DATA FOR THIS EXERCISE:

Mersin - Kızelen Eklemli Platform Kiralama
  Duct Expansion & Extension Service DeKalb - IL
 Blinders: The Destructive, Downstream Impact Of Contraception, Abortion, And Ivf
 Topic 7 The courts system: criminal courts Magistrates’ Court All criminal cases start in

--

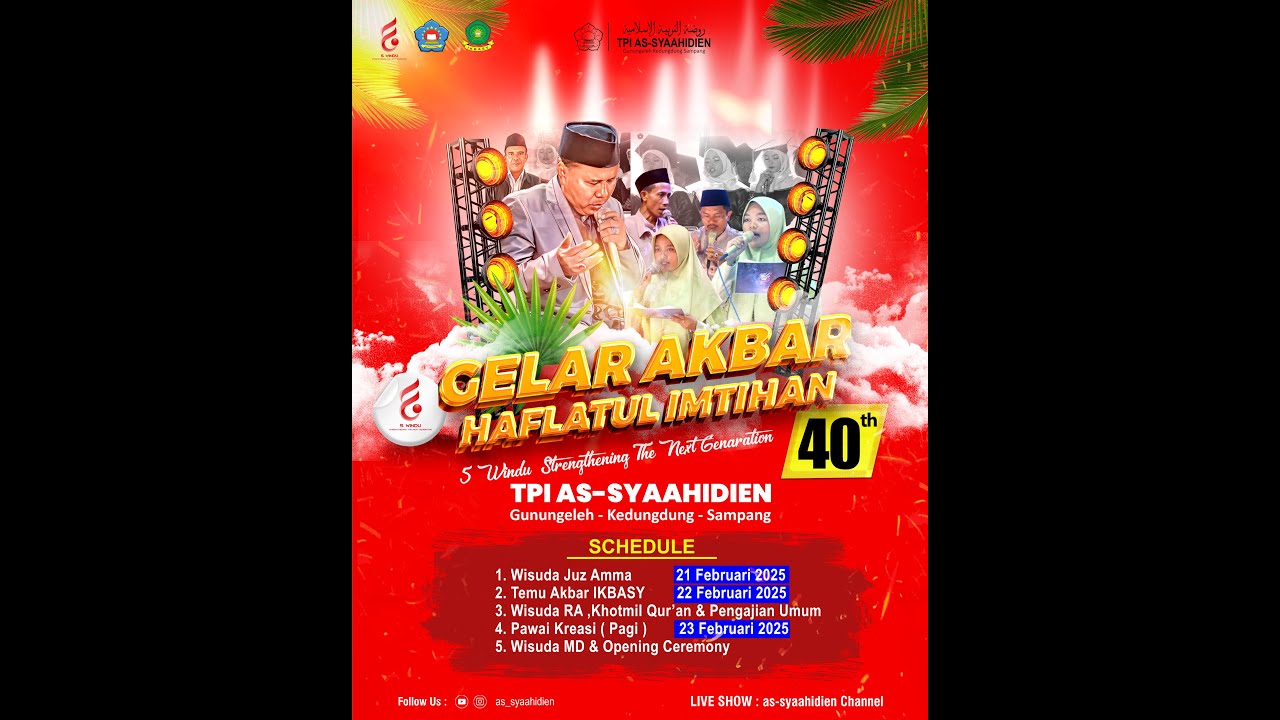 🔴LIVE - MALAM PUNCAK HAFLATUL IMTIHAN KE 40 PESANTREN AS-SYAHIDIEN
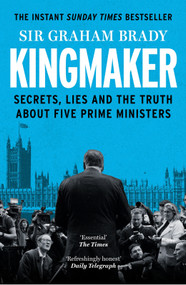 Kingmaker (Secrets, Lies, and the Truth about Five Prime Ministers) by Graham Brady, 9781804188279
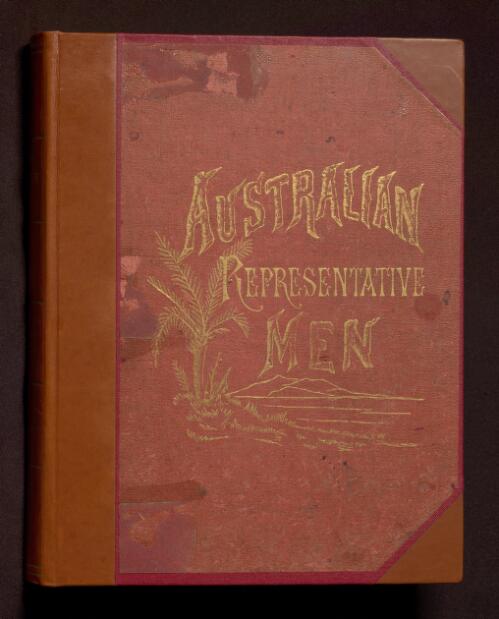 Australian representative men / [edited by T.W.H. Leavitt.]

WHAT YOU WILL DO: Using the entries above, extract exactly the span from the line with "Mersin - Kızelen Eklemli Platform Kiralama" to the line with "Topic 7 The", both lines included; leave out everything else.

REPLY:
Mersin - Kızelen Eklemli Platform Kiralama
  Duct Expansion & Extension Service DeKalb - IL
 Blinders: The Destructive, Downstream Impact Of Contraception, Abortion, And Ivf
 Topic 7 The courts system: criminal courts Magistrates’ Court All criminal cases start in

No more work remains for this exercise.